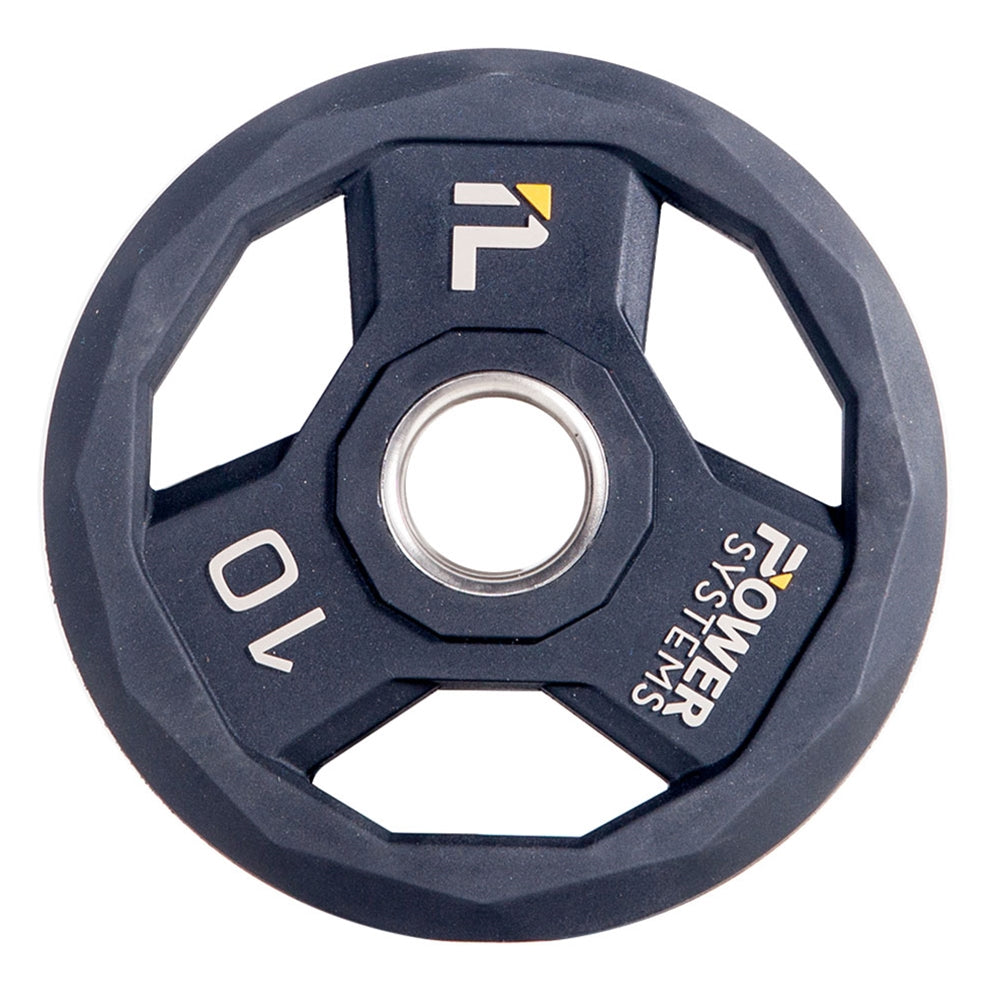 Olympic Urethane Grip Plate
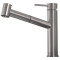 Кухонний змішувач FABIANO FKM 66P Inox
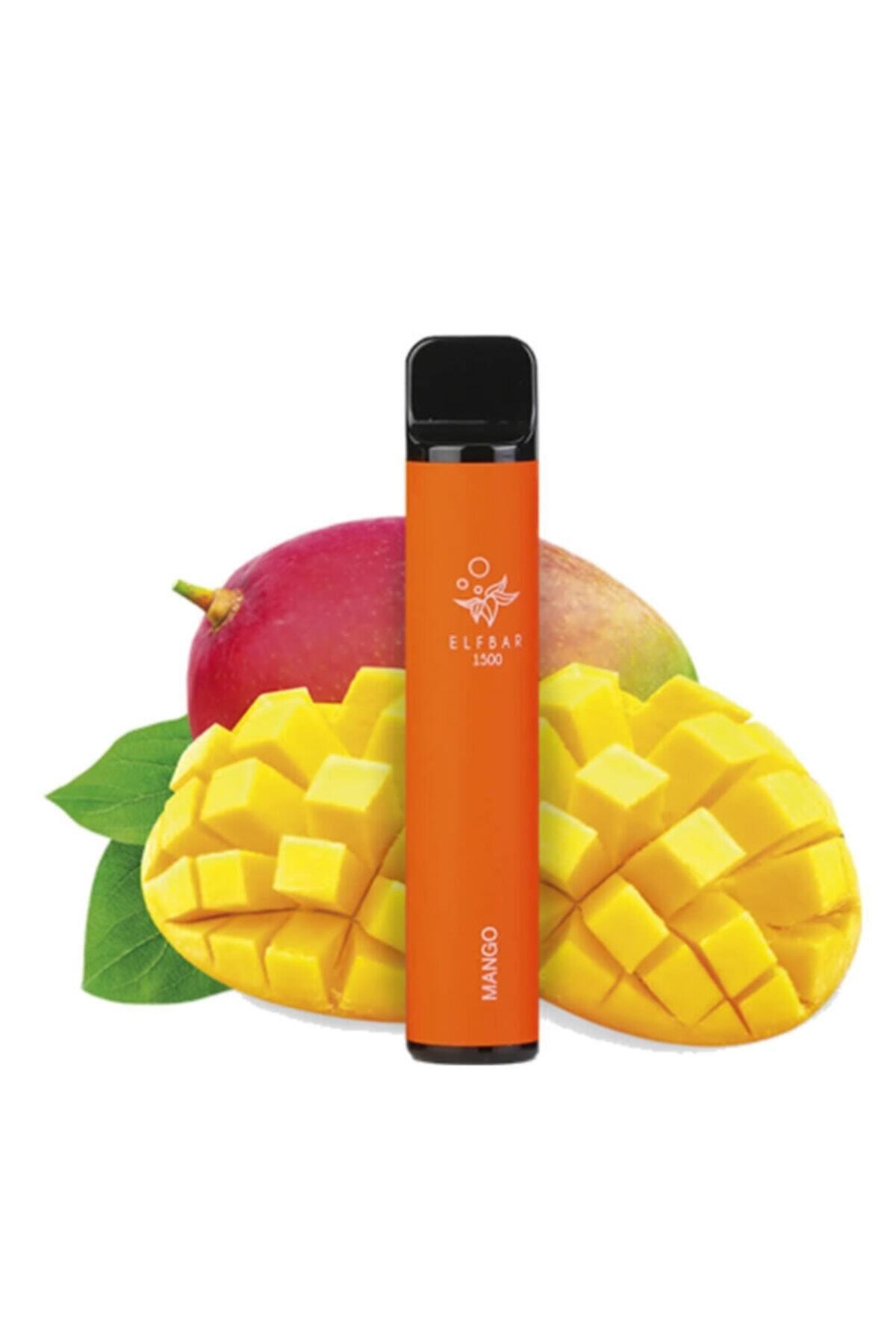 ELF Bar Mango Kalem Nargile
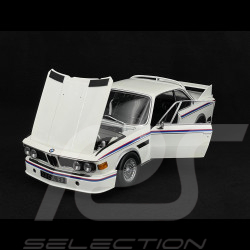 BMW 3.0 CSL E9 1973 White 1/12 KK Scale KKDC120232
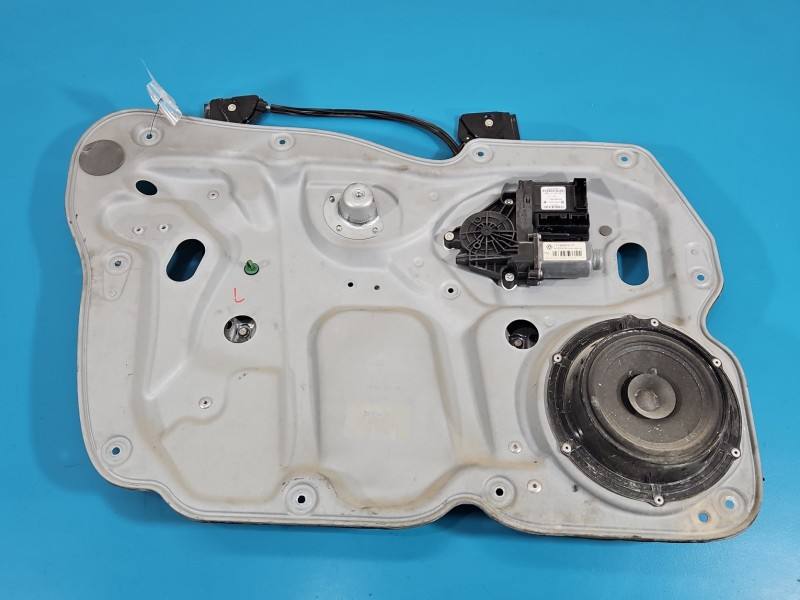 Склопідйомник передній лівий Volkswagen Caddy 1T0959701T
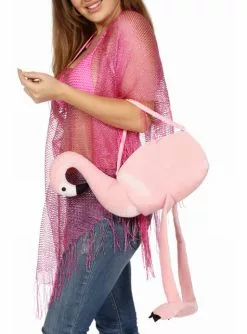 Flamingo Tasche Rosa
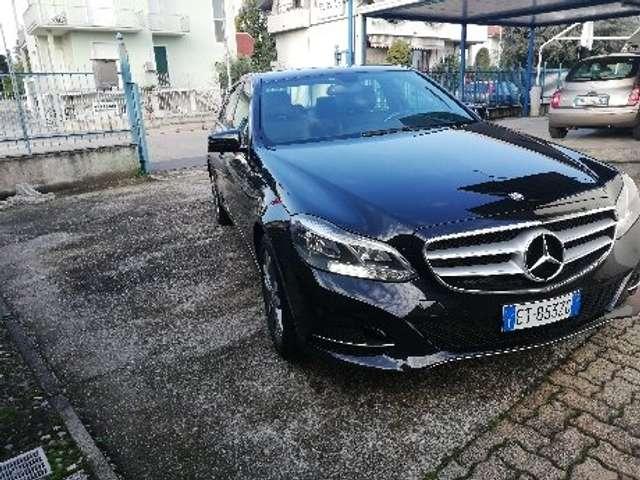 Mercedes-Benz E 250 E 250 cdi Premium 4matic auto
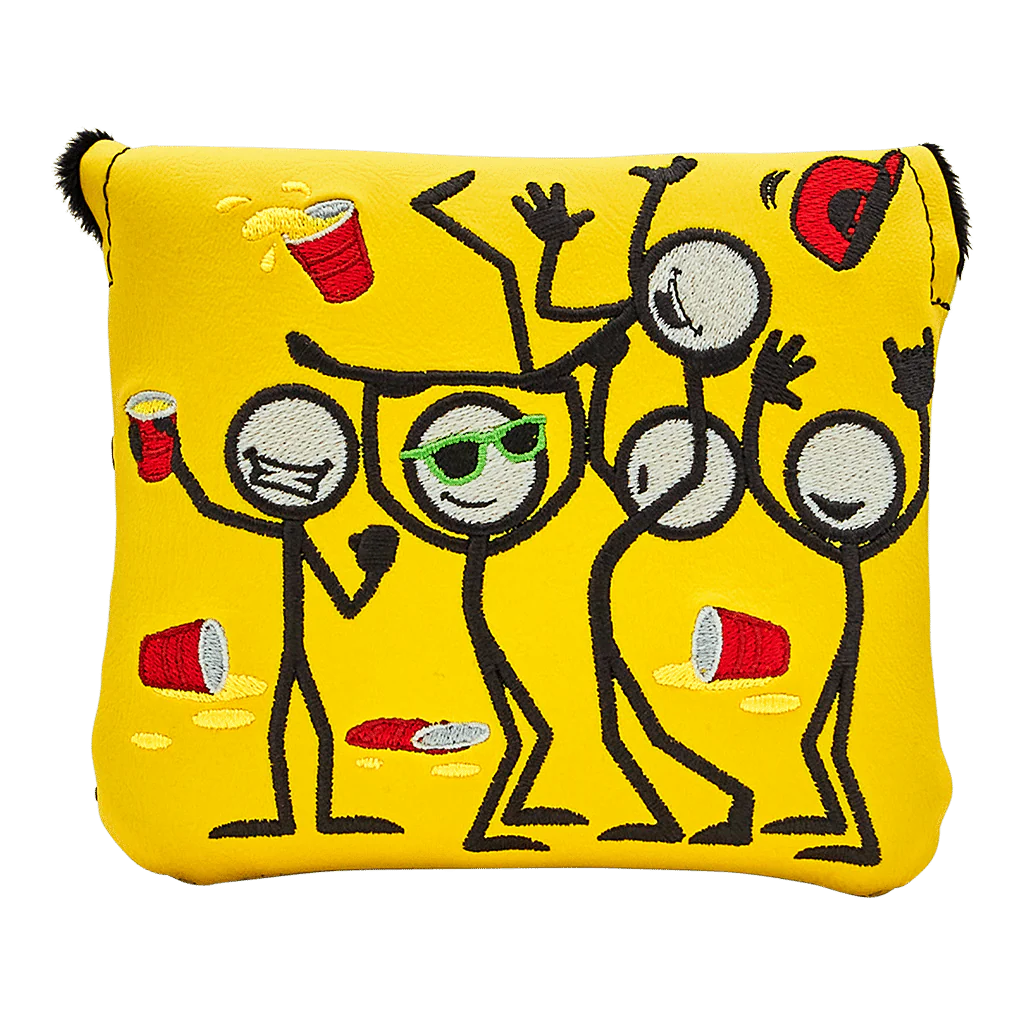 Party On! Crowd Surfing Mallet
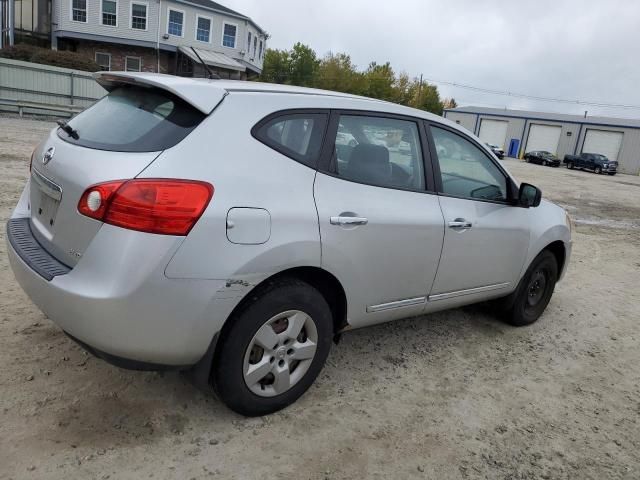 2011 Nissan Rogue S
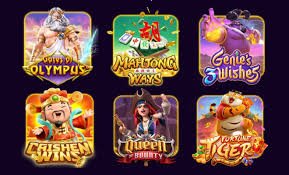 Interface taruhan Baccarat JILI dengan pilihan Player Banker dan Tie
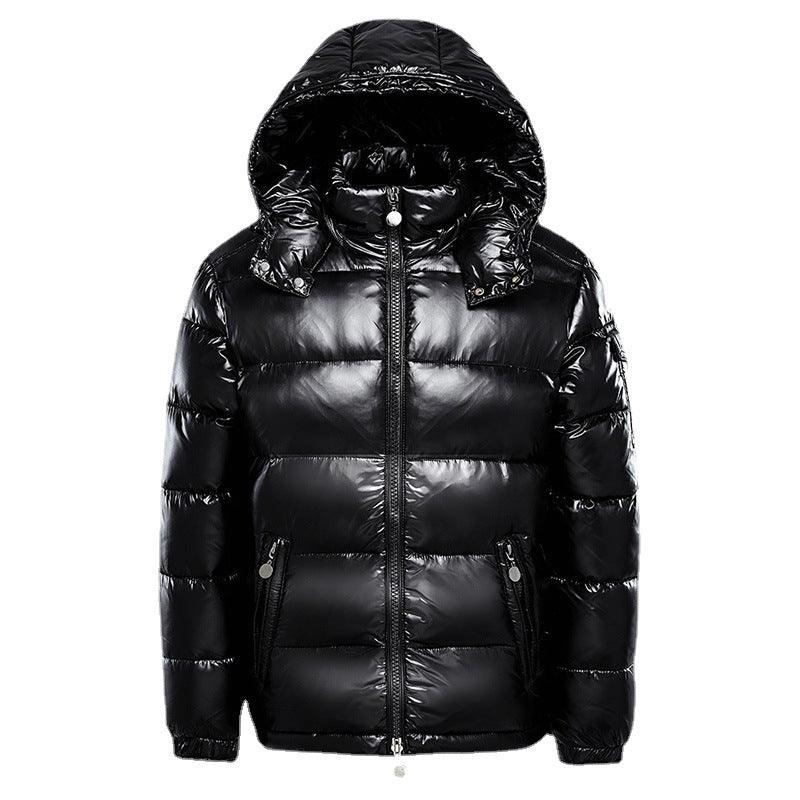 Lune London | Men's waterproof puffer jacket - Winter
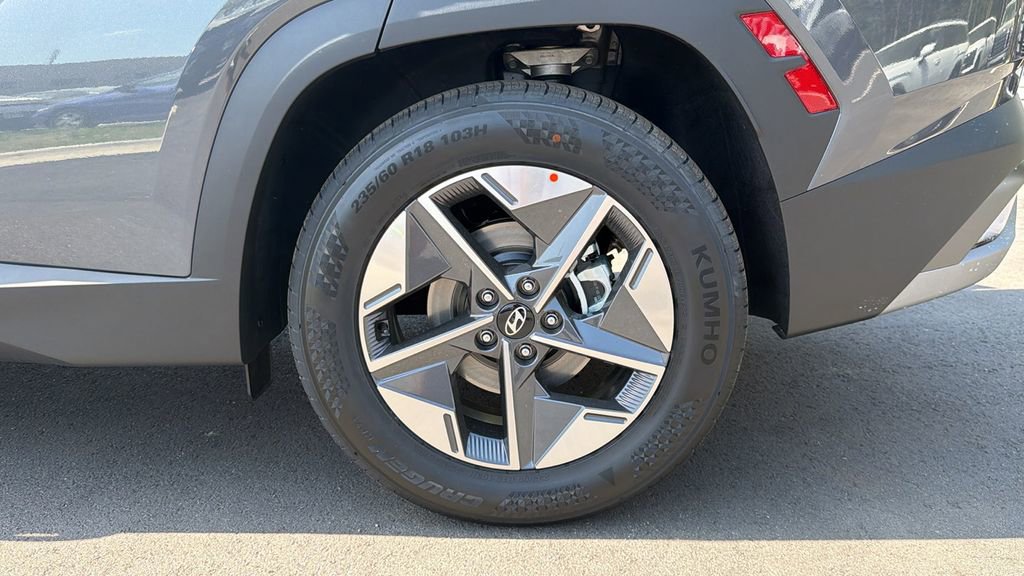 New 2026 Hyundai Tucson SEL FWD image 22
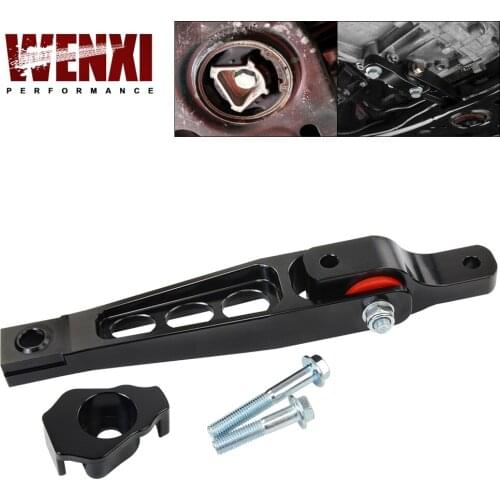 Spherical Pendulum Mount + Billet MQB Dogbone Mount Insert For 15+ AUDI 8V/8S A3 TT VW Mk7 Golf GTi Skoda Seat 5Q0198037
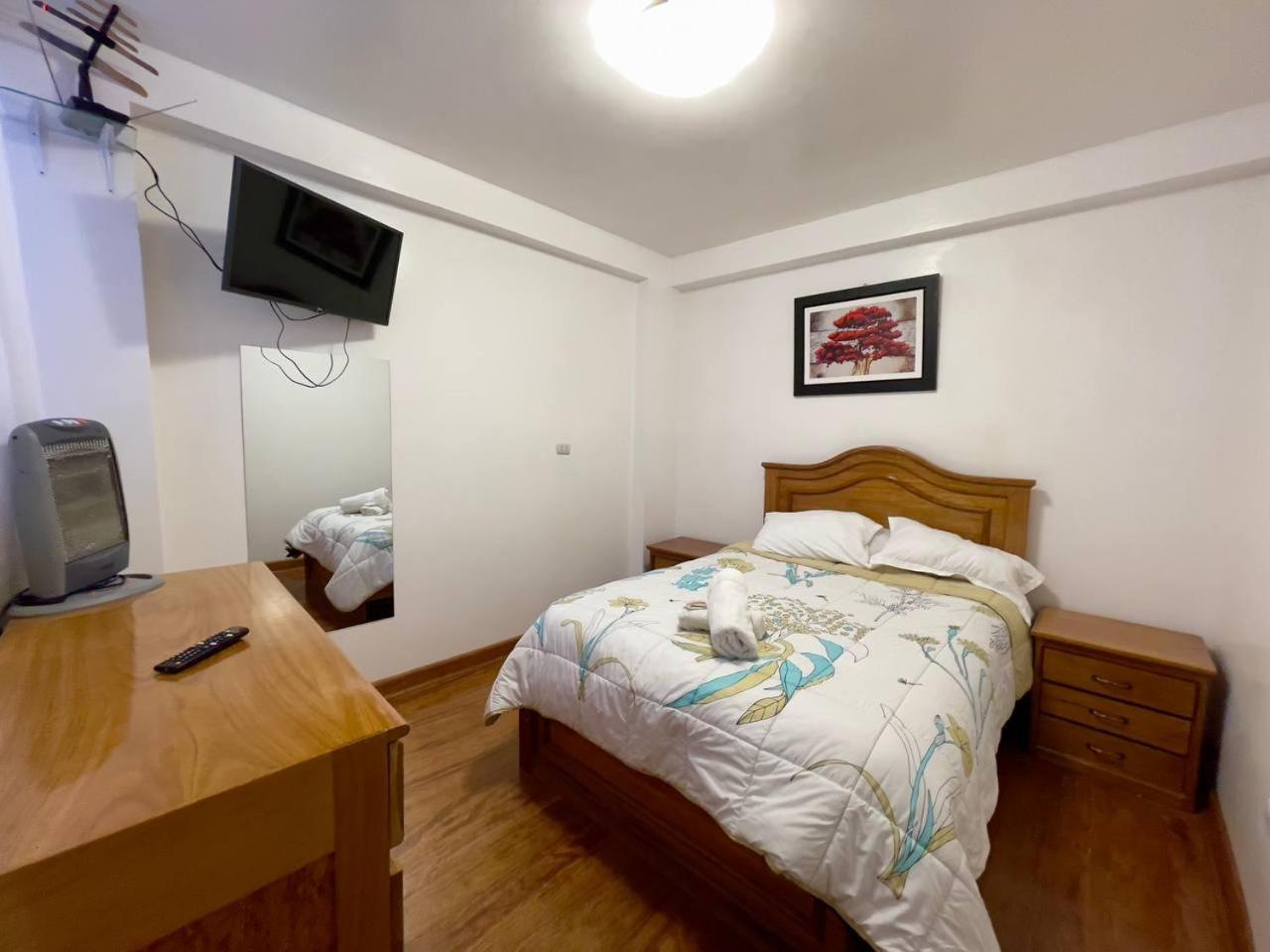 Apartment Wayra Pampa 6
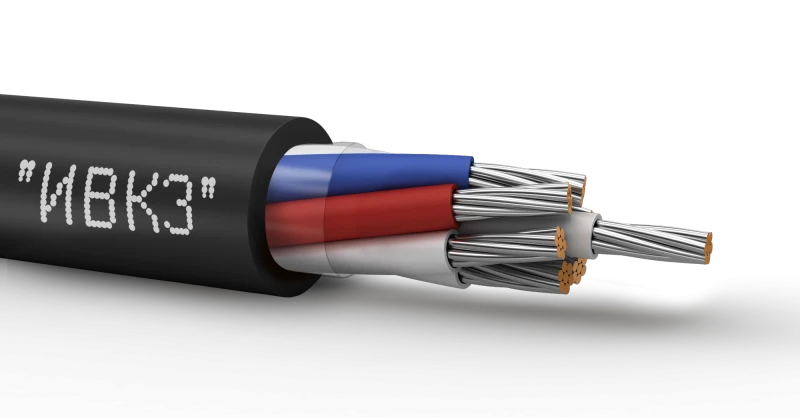 Провод монтажный МКШнг(A)-LS 5х0.75  ТРТС Ивановский кабельный завод 00-00028908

************

#### WHAT NEEDS TO BE DONE
Your response should consist solely of the lines from the line with "2011 Nissan Rogue S" through the last line of the entries above, printed exactly and without pictures.

#### SOLUTION TO THE EXERCISE
 2011 Nissan Rogue S
 Interface taruhan Baccarat JILI dengan pilihan Player Banker dan Tie
 Lune London | Men's waterproof puffer jacket - Winter
 New 2026 Hyundai Tucson SEL FWD image 22
 Spherical Pendulum Mount + Billet MQB Dogbone Mount Insert For 15+ AUDI 8V/8S A3 TT VW Mk7 Golf GTi Skoda Seat 5Q0198037
 Apartment Wayra Pampa 6
 Провод монтажный МКШнг(A)-LS 5х0.75  ТРТС Ивановский кабельный завод 00-00028908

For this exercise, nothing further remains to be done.